Compré unas esposas en una calle del Centro. Las quería para cuando se presentara la ocasión, es decir, cuando una chica me dejara esposarla y me esposara. No tenía vieja de momento, pero siempre hay una que cae.
Volví a casa y vi que Lorena, mi prima, dormía a pierna suelta en el sofá. Que en la mesa de centro hubiera una botella de whiskey a medio acabar, y una de vodka vacía, me dio a entender que la infeliz estaba pedísima. Hice un breve recorrido por la casa y la vi vacía, así que no lo pensé dos veces.
Para mi suerte, Lorena estaba descalza. Como se hallaba bocabajo en el sofá, sus plantas tersas quedaban a mi disposición. No sabía a qué hora podría regresar mi madre, así que me apuré.
Saqué las esposas y se las puse a Lorena, desde luego que tras la espalda. No despertó, aunque me parece que emitió un gemido. La verga se me paró de inmediato. Me la saqué del pantalón y la acaricié mientras me acercaba a los pies de la esposada. De rodillas ante éstos, los olí largamente, extasiado. Siempre me habían fascinado los pies de esa cabrona, que además gustaba de andar descalza (aparte de beber, claro).
Tras los olisqueos sobrevinieron lameteos que al principio fueron suaves, pero que poco a poco se volvieron frenéticos. Chupar los taloncitos me enardeció especialmente. Cuando supe que me iba a venir, dejé de chupar los deditos y acerqué la verga a las plantas, que en segundos acabaron bañadas de lechita caliente.
Yo resoplaba cuando Lorena despertó.
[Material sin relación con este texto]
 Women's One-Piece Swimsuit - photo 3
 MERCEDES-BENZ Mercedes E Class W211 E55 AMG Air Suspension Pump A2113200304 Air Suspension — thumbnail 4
Asustada y sorprendida, giró el cuello, me vio con el pito de fuera y se dispuso a gritar. De una zancada llegué hasta ella, le tapé la boca y le juré que le rompería el cuello si gritaba. No pudo responder porque no le salía la voz. Su aliento no era agradable, así que tomé una servilleta de tela y la amordacé. Apenas gimió.
Le limpié las plantas con servilletas de papel, que tiré al cesto de la basura. Luego la puse de pie y la llevé del brazo a su habitación. La tiré en la cama, bocabajo, y me le eché encima. Ya se me había vuelto a parar. Le dije al oído que le diría a mi madre lo de sus borracheras (las de Lorena) si no se sometía a mi fetichismo. Se le salieron dos lágrimas, pero, como estaba de arrimada y, si la echaban, acabaría en la calle, asintió vivamente.
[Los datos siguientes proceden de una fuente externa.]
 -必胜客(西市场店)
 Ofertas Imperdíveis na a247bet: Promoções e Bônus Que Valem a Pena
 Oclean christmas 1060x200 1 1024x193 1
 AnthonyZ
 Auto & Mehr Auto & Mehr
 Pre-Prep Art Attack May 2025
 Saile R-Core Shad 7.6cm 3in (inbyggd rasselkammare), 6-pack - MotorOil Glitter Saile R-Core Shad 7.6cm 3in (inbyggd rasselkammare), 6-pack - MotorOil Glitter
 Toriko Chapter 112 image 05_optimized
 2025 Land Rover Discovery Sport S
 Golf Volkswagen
Le abrí las piernas tanto como pude, la levanté un poco por la cadera y le metí el pito en la vagina. Gimió, pero al cabo de unas cuantas embestidas se relajó y empezó a suspirar de placer. La molí a nalgadas poco antes de venirme, lo cual hice en otra vez en sus pies, pues no quería embarazarla. Tomé con una mano tanto semen como pude, le quité la mordaza a Lorena y le di a chupar mi leche. Lo hizo con satisfacción, dejándome los dedos ensalivados.
—Eres mi amo —me dijo.
—Ya lo creo que sí.
Le quité las esposas, le ordené que se bañara y que limpiara la sala, y le advertí que querría verla en mi cuarto cada vez que nos quedáramos solos.
Hasta la fecha ha cumplido. Mis esposas ya están muy usadas, sobre todo porque a veces dejo que Lorena me las ponga mientras estoy tirado en el piso, desnudo, bocabajo, con el pito parado.